* PROVIDED MATERIAL *
--------------------------------

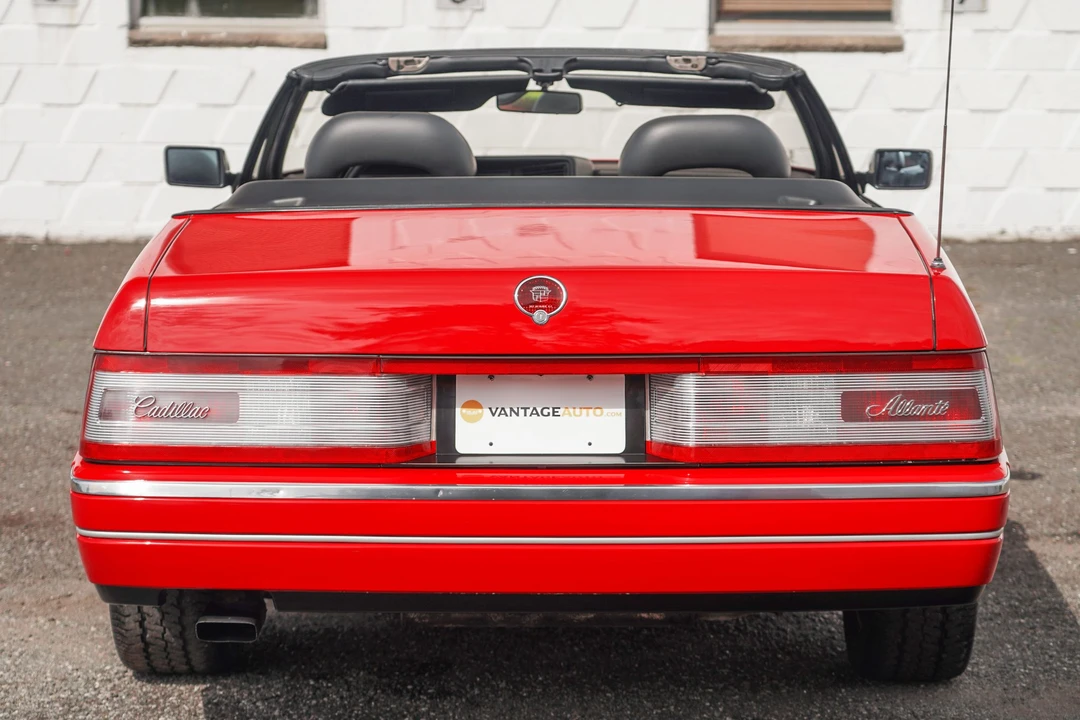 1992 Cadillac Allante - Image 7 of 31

--------------------------------

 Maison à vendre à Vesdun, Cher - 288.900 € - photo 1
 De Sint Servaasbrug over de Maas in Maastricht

--------------------------------

* AIM OF THE EXERCISE *
Please transcribe exactly the lines above from the line that has "Maison à vendre" up to and including the line that has "De Sint Servaasbrug"; no other line belongs in the answer.

* RESPONSE *
 Maison à vendre à Vesdun, Cher - 288.900 € - photo 1
 De Sint Servaasbrug over de Maas in Maastricht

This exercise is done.